◆ **YOUR INSTRUCTIONS**: Write every record out again exactly, and keep images out of it.

[Caption-style text data]
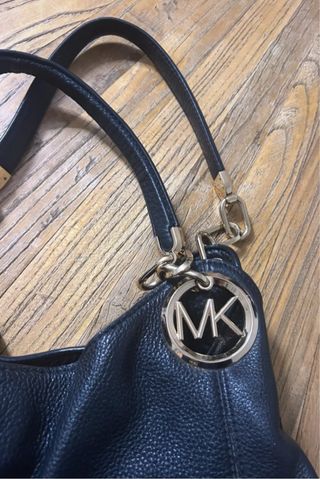 Bolso Piel Michael Kors Negro Auténtico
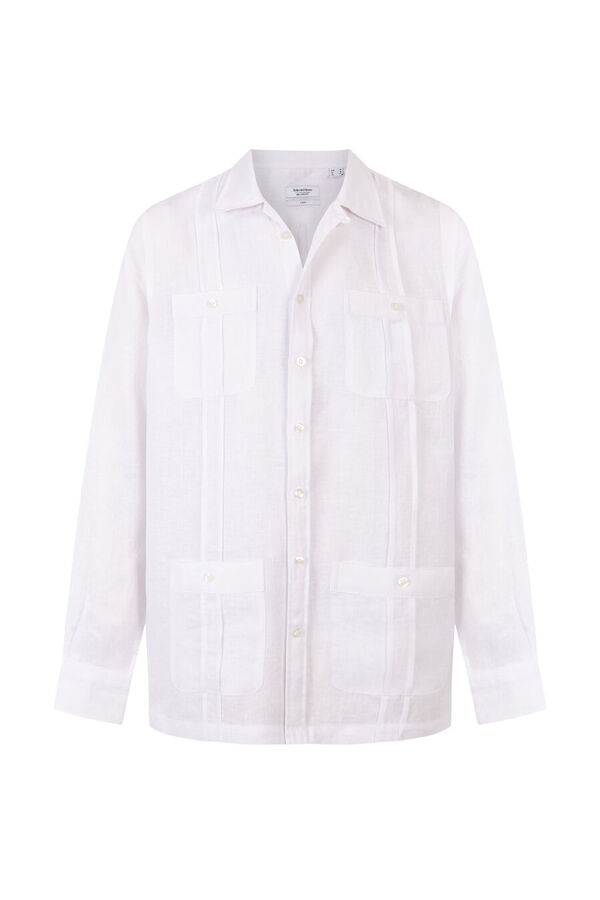 Pedro del Hierro Guayabera lino Blanco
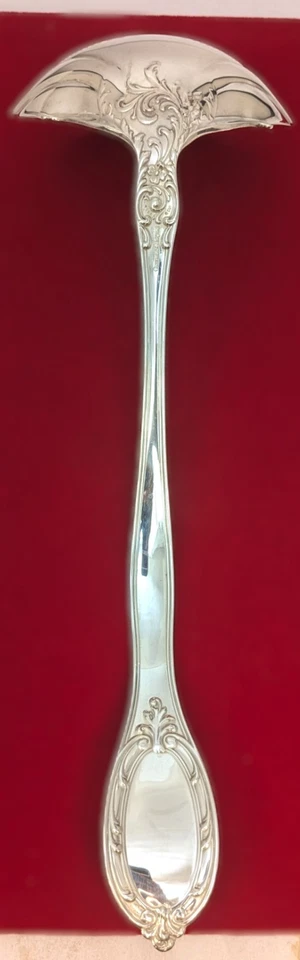 Antiguo cucharón perforador de plata esterlina Old Colony de Gorham, 12"" de largo Foto 4 de 4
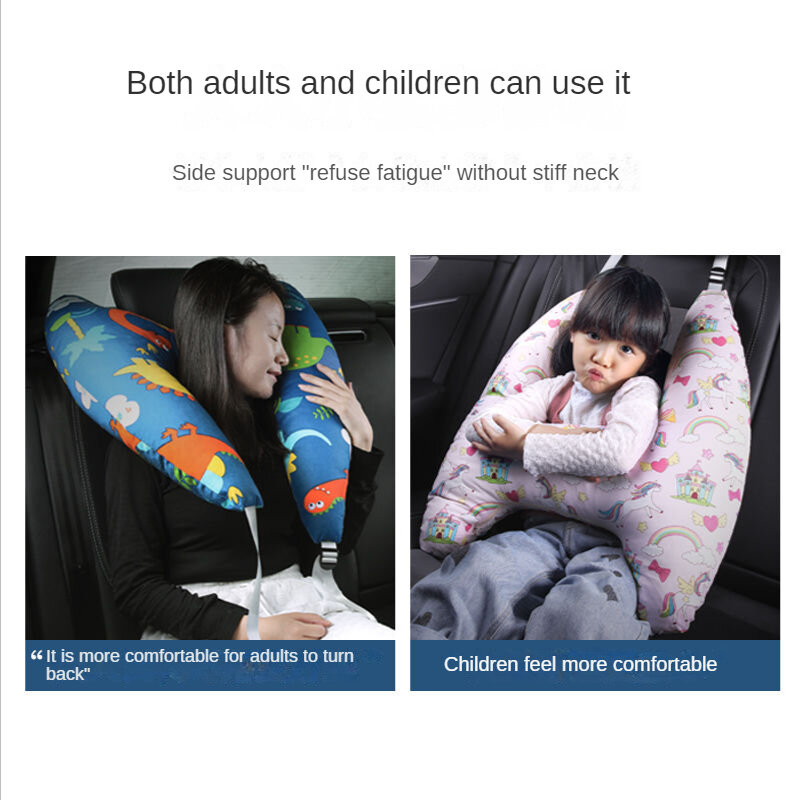 Crianças pescoço viagem travesseiro assento de carro almofadas cabeça confortável viagem para crianças bebê assento de carro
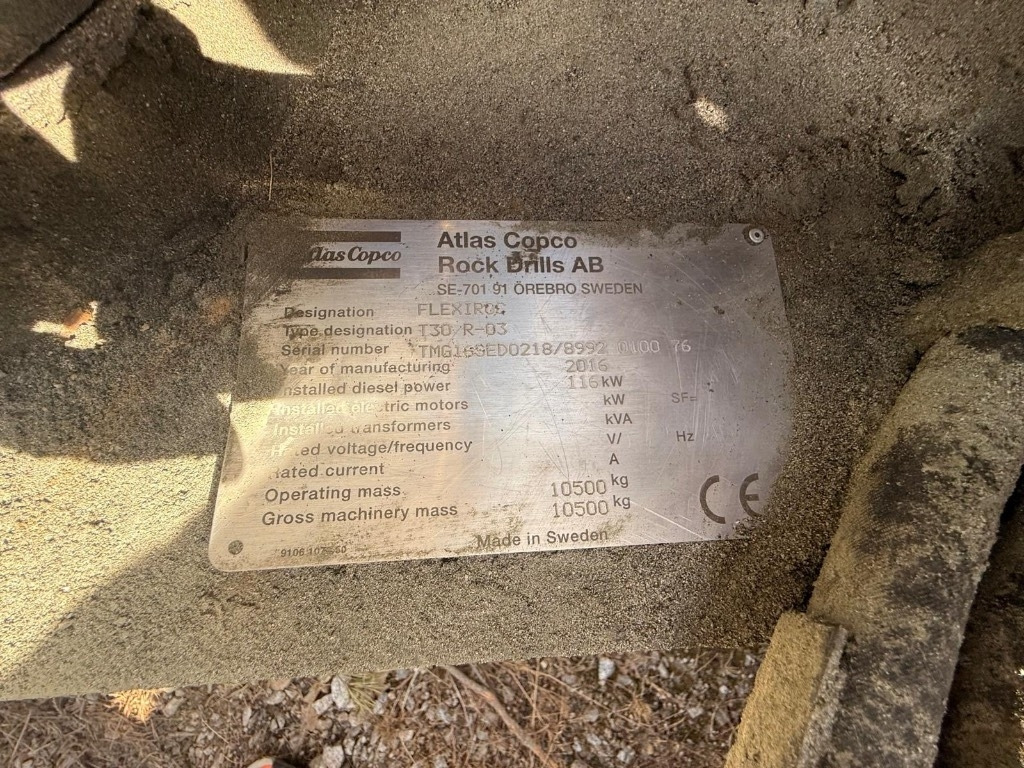 Atlas Copco FLEXIROC T30 R-03 - Γεωτρύπανο: φωτογραφία 2 Atlas Copco FLEXIROC T30 R-03 - Γεωτρύπανο: φωτογραφία 2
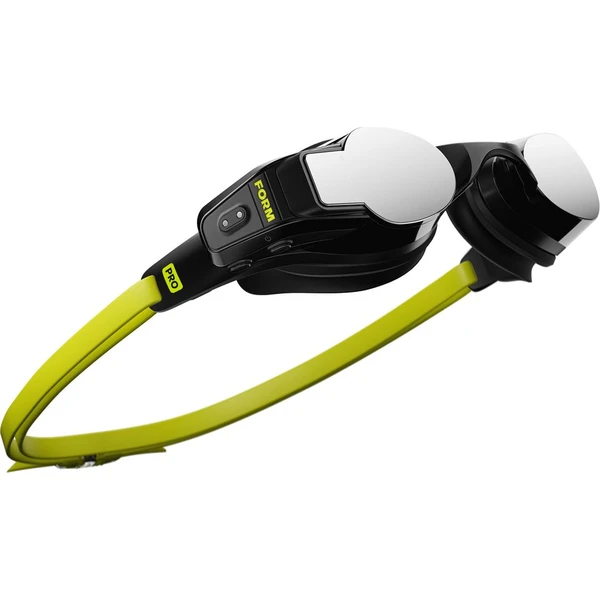 FORM Smart Swim 2 PRE chytré plavecké okuliare čierne/žlté - Okuliare - Hlavný obrázok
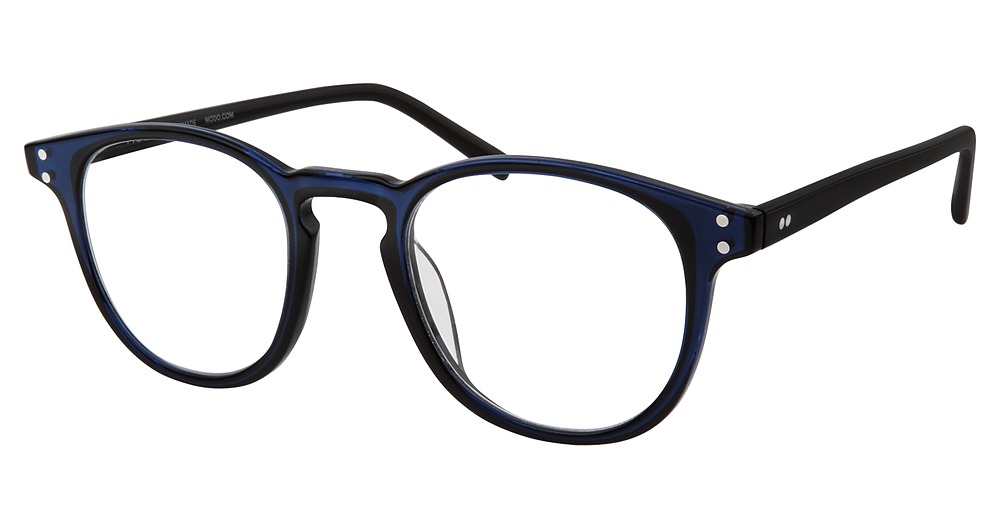 Modo 6609 round eyeglasses in Blue Black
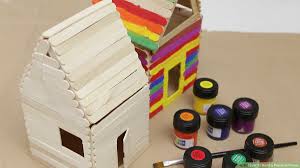 As with previous popsicle stick model projects, tools used were basically carving and sanding tools. How To Build A Popsicle House 13 Steps With Pictures Wikihow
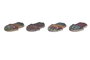 DKD Home Decor Soporte Incienso Indio Loto Piedra Multicolor 9 x 1 x 6 cm (8 Unidades)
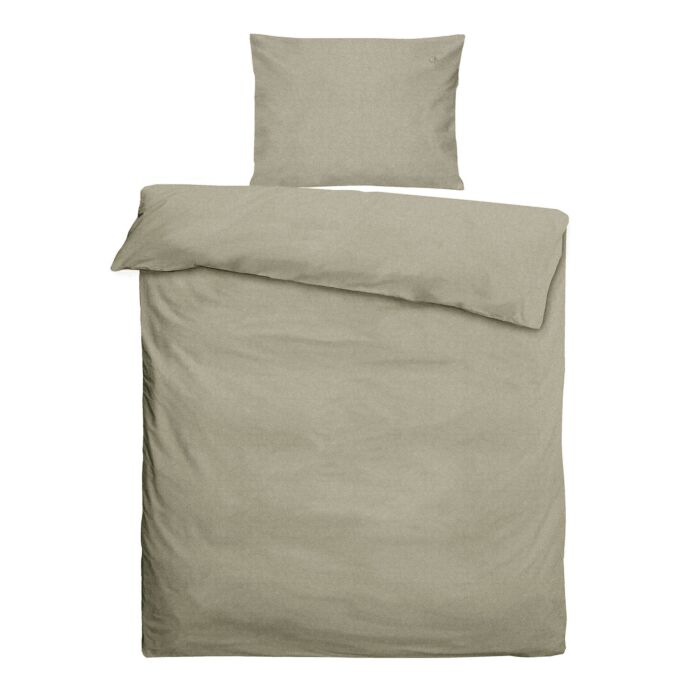 Linge de lit douillet en flanelle de laine, uni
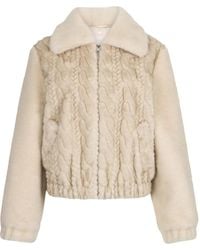 Liu Jo - Teddy-Mantel mit Zopfmuster - Lyst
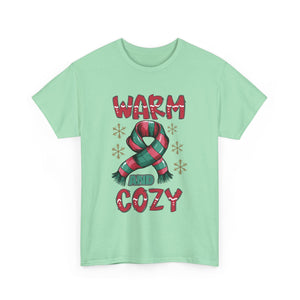christmas warm and cozy Unisex Heavy Cotton Tee men women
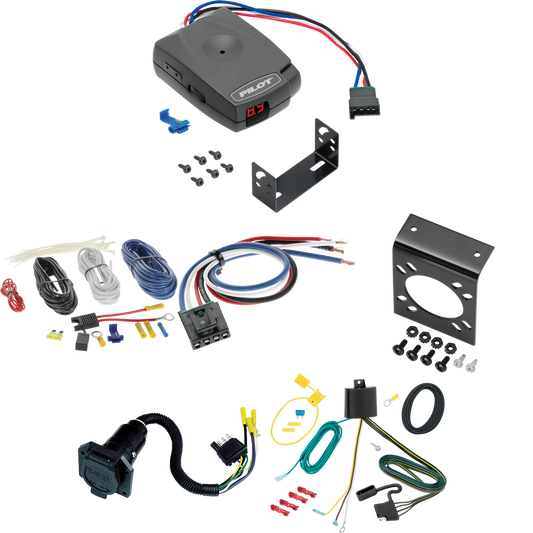 Fits 2015-2017 Lincoln MKC 7-Way RV Wiring + Pro Series Pilot Brake Control + Generic BC Wiring Adapter By Tekonsha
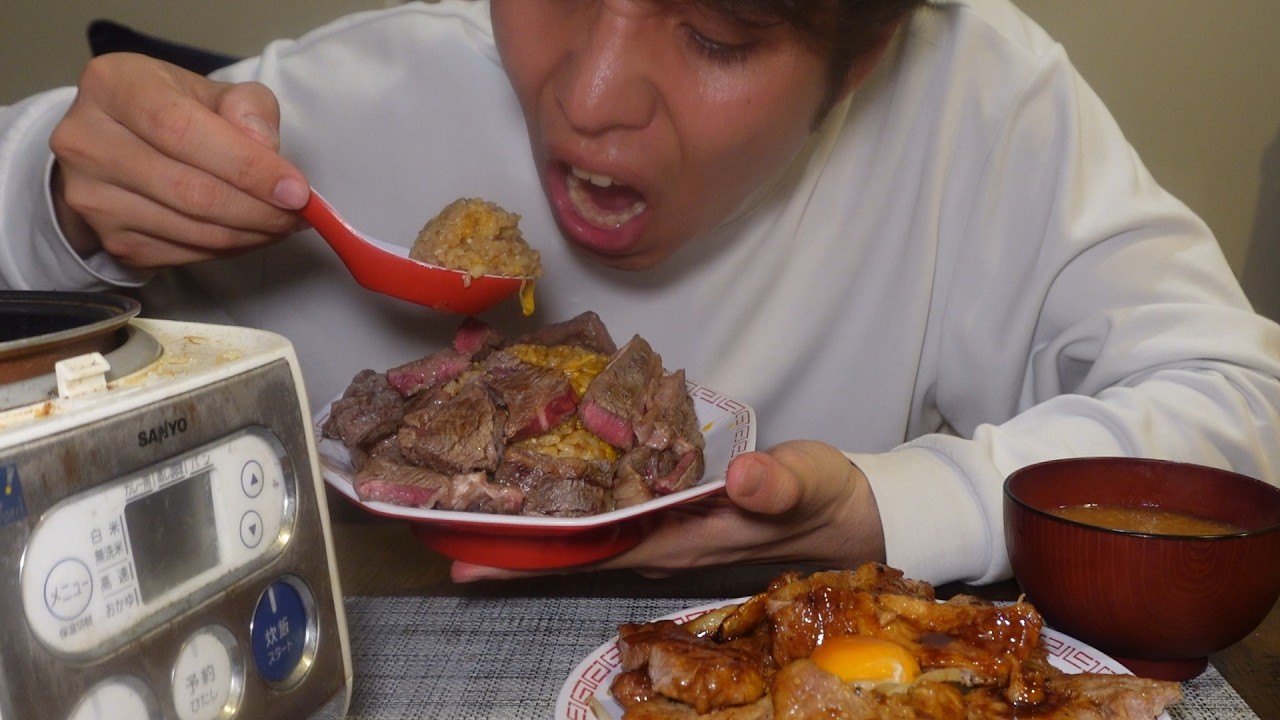 これぞワンパク飯!肉まみれな晩飯でぶっ飛び!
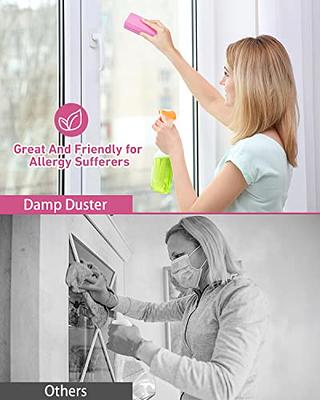 Damp Duster, 2-Pack Pink Magical Dust Cleaning Sponge Blind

◆ **EXERCISE RESULT**:
 Bolso Piel Michael Kors Negro Auténtico
 Pedro del Hierro Guayabera lino Blanco
 Antiguo cucharón perforador de plata esterlina Old Colony de Gorham, 12"" de largo Foto 4 de 4
 Crianças pescoço viagem travesseiro assento de carro almofadas cabeça confortável viagem para crianças bebê assento de carro
 Atlas Copco FLEXIROC T30 R-03 - Γεωτρύπανο: φωτογραφία 2 Atlas Copco FLEXIROC T30 R-03 - Γεωτρύπανο: φωτογραφία 2
 FORM Smart Swim 2 PRE chytré plavecké okuliare čierne/žlté - Okuliare - Hlavný obrázok
 Modo 6609 round eyeglasses in Blue Black
 As with previous popsicle stick model projects, tools used were basically carving and sanding tools. How To Build A Popsicle House 13 Steps With Pictures Wikihow
 DKD Home Decor Soporte Incienso Indio Loto Piedra Multicolor 9 x 1 x 6 cm (8 Unidades)
 Linge de lit douillet en flanelle de laine, uni
 Liu Jo - Teddy-Mantel mit Zopfmuster - Lyst
christmas warm and cozy Unisex Heavy Cotton Tee men women
 Fits 2015-2017 Lincoln MKC 7-Way RV Wiring + Pro Series Pilot Brake Control + Generic BC Wiring Adapter By Tekonsha
 これぞワンパク飯!肉まみれな晩飯でぶっ飛び!
 Damp Duster, 2-Pack Pink Magical Dust Cleaning Sponge Blind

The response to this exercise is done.